What Custom Replaces: Six Features Electrician-Solar Combined Trades Need
1. STC Rebate Calculator + Automated CER Submission (Same as Solar-Only, But More Critical)
Solar install complete (Jun 15). Electrician crew uploads final inverter serial + grid connect approval letter (from DNSP). System calculates: "8 kW system, postcode 2000 (Ausgrid, 5 kW export limit). STC eligible: 56 STCs @ $109/STC = $6,100 rebate. Installer: Your Electrical Company (ABN 12345678901, CEC-Level 3 accreditation, expires Dec 2026)." System auto-populates CER claim form: customer name + TFN + address + system size + installer accreditation + inverter serial + install date + design PDF. System auto-signs using your CER account (pre-linked), uploads design, submits to CER same-day.

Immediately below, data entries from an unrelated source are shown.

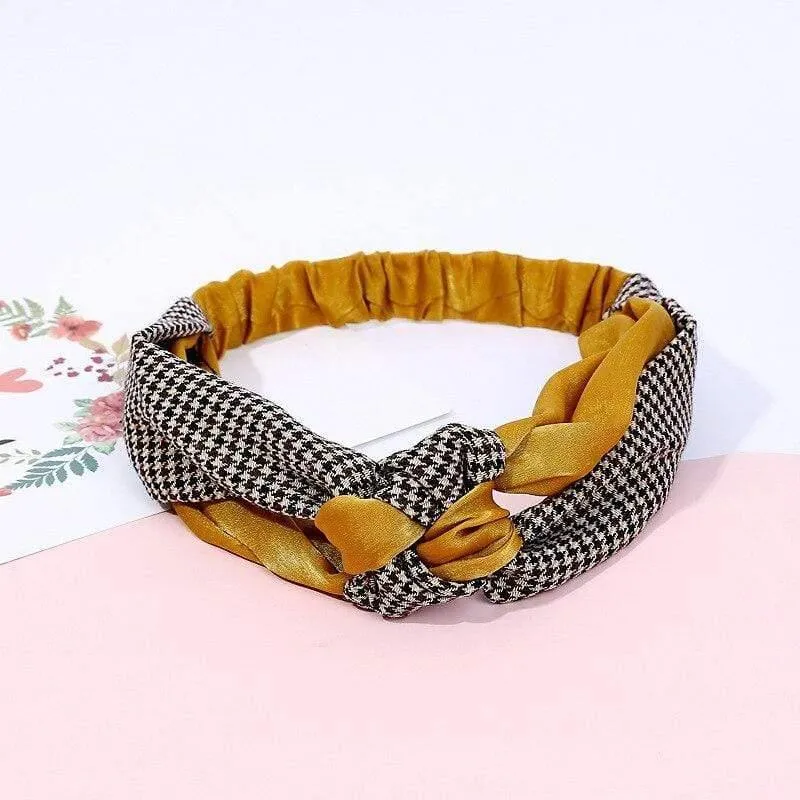 Mode Frauen Elegantes weiches Stirnband Vintage Kreuzknoten Elastische Haarbänder Feste Mädchen Haarband Haarschmuck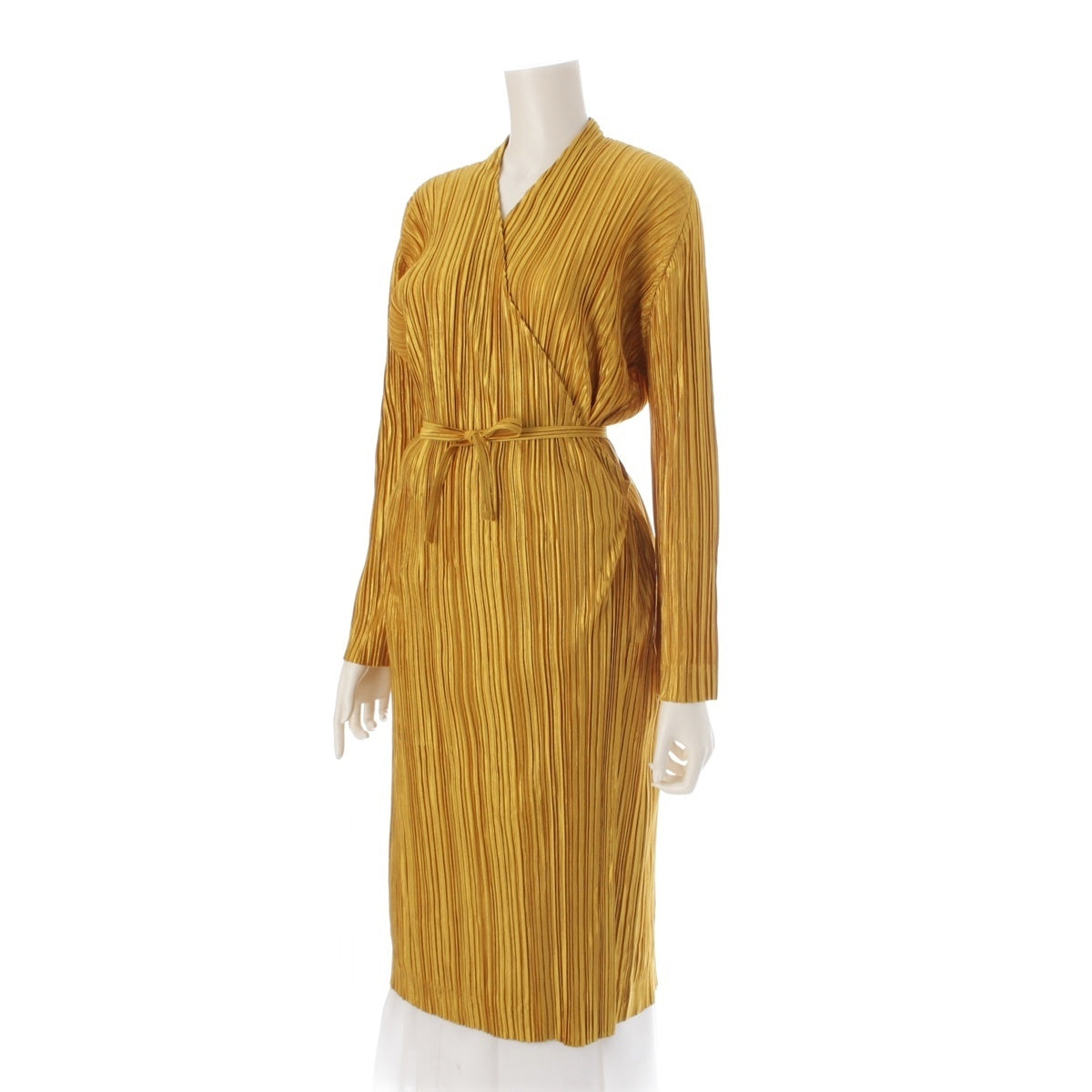 PLEATS PLEASE ISSEY  Waist belt with cord design, long cardigan gown PP83-JA561 yellow 4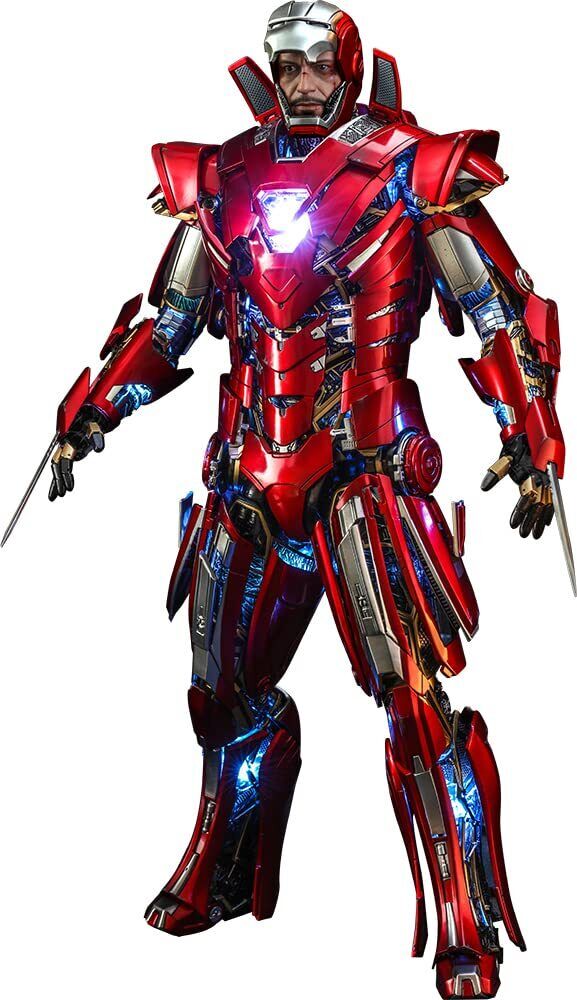 Iron Man Silver Centurion Armor Suit Version DIECAST 1/6 Scale Figure Hot Toys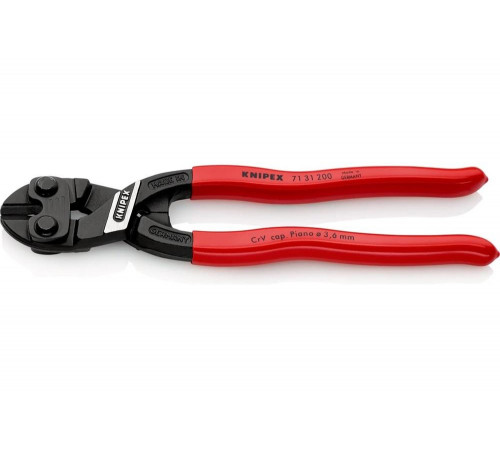 Болторез KNIPEX CoBolt с выемкой на кромках, длина 200 мм, 1К ручки, KN-7131200SB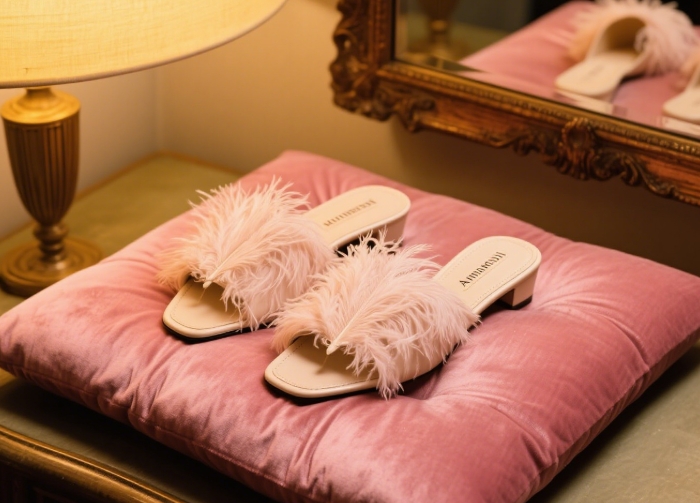 Amina Muaddi 2025 feather-trimmed mules, luxury evening shoes for women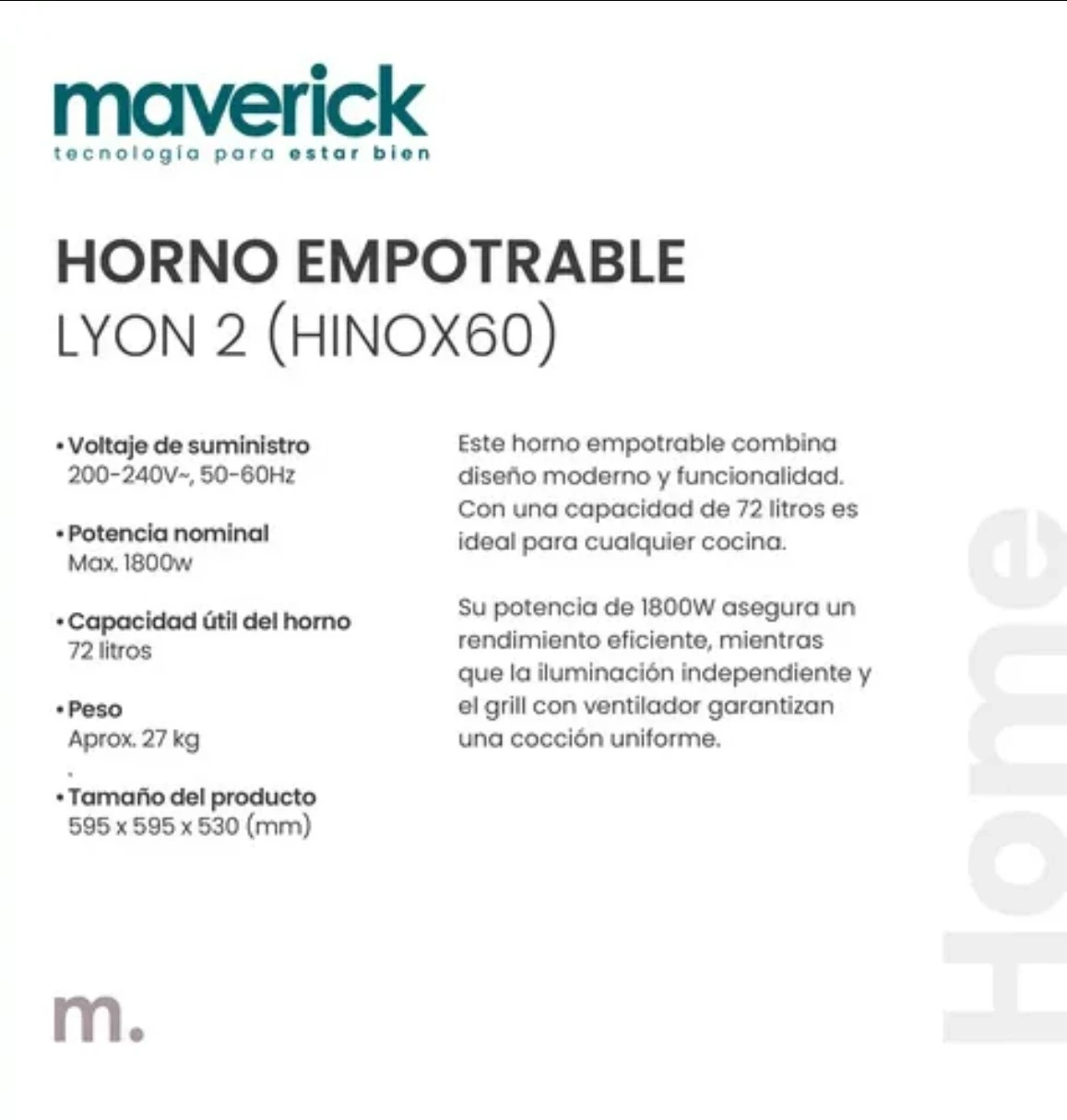 Horno empotrable eléctrico MAVERICK 4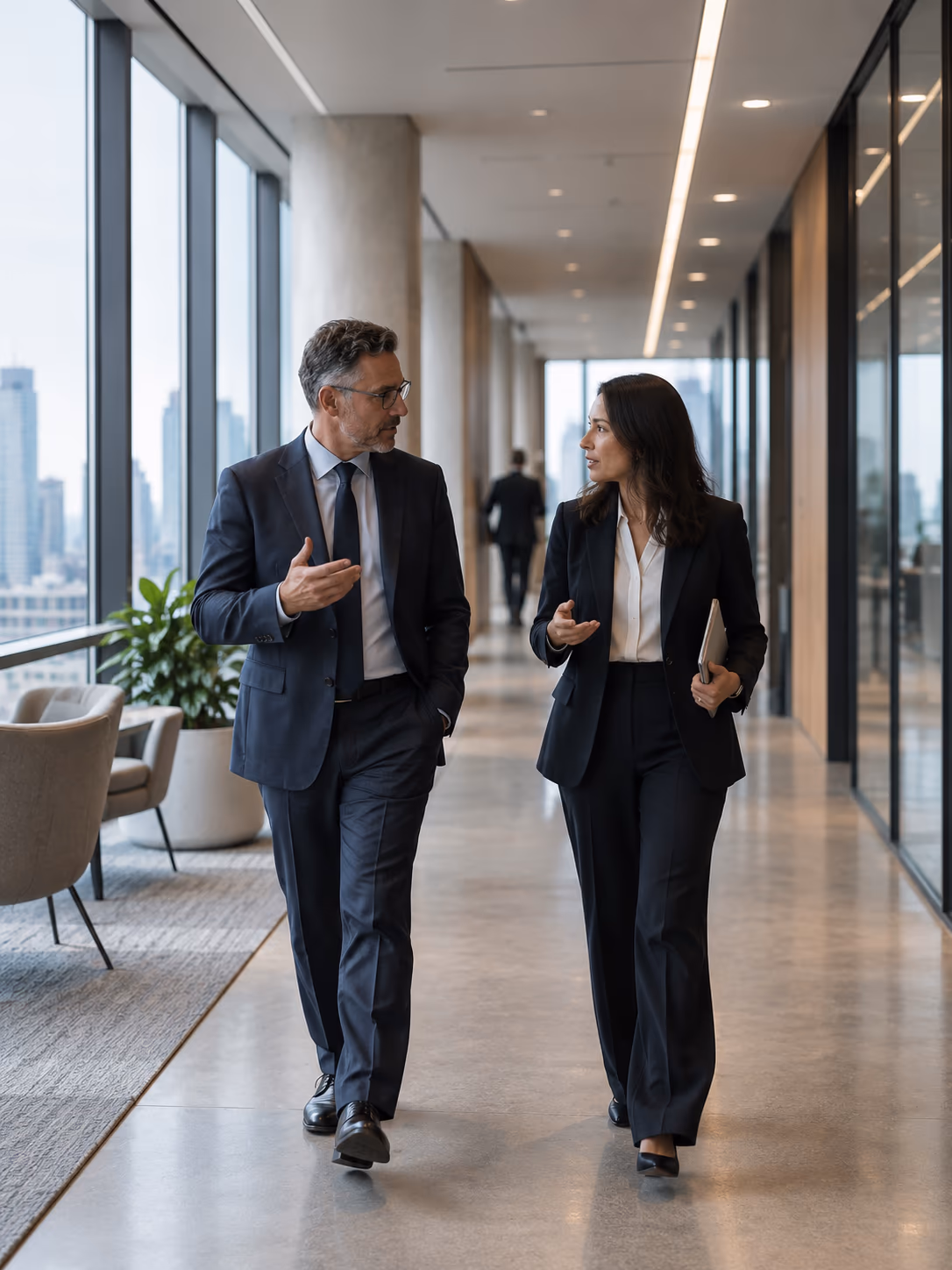 Two consultants in business attire talk while walking through an office corridor.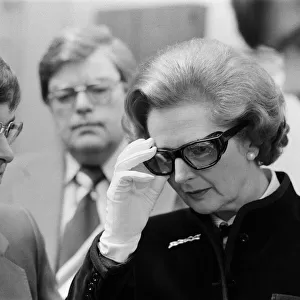 Conservative Prime Minister, Margaret Thatcher, pictured during a visit to Milton Keynes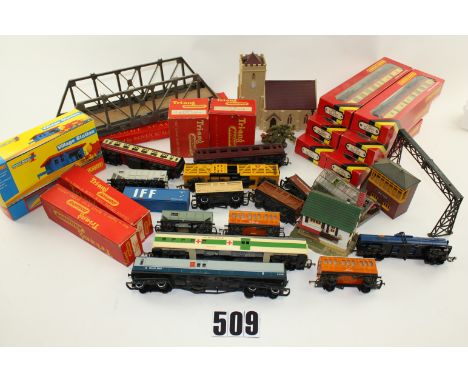 A collection of OO scale rolling stock and scenic items by Triang Hornby and others: including red/cream BR coaches (6, boxed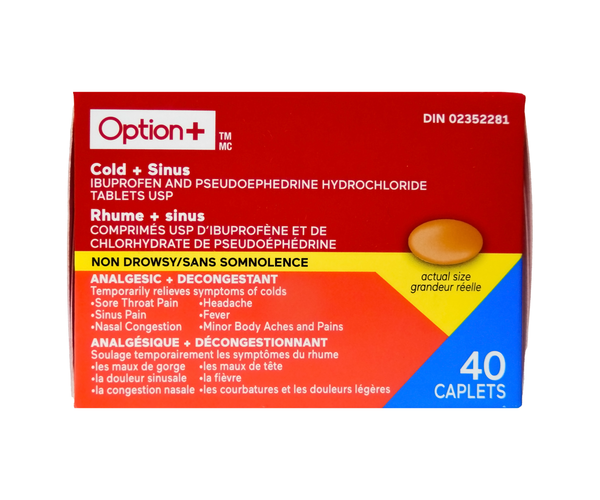 Option+ Cold + Sinus Relief Non Drowsy | 40 Caplets – White Cross E-Store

CER approves in 3–5 business days. Rebate lands in company bank account. For a 6-crew electrician-solar business doing 10–12 solar installs/year (side-work) + 48 electrical jobs/year: 10 solar installs × $6,100 avg rebate = $61k rebate cash flow. Manual filing: 2 hours × 10 claims = 20 hours @ $40 = $800/yr. Custom system: 5 min × 10 claims = 50 min @ $40/hr = $33/yr. Savings: $767/yr. But the real win is: zero missed deadlines (every single STC claim files on-time), zero late rebates (customer happy, you paid on schedule), zero CER audit risk (claims are properly documented, audit-ready). STC claims are also revenue-positive for electricians: you can either pass the $61k rebate to the customer (reducing their cost, making your quotes more competitive) or keep it as company margin (electrician mark-up on solar, not visible in the quoted customer price). Custom system tracks rebate pipeline: "YTD STC claims: 8 filed, 7 approved ($43.1k cash received), 1 pending (filed Jun 25, expect approval Jul 2)." This is crucial for cash flow: you know exactly when $6k+ rebate hits your account.
2. Grid Connect Application Workflow (DNSP Per-Postcode Rules + AS/NZS 4777)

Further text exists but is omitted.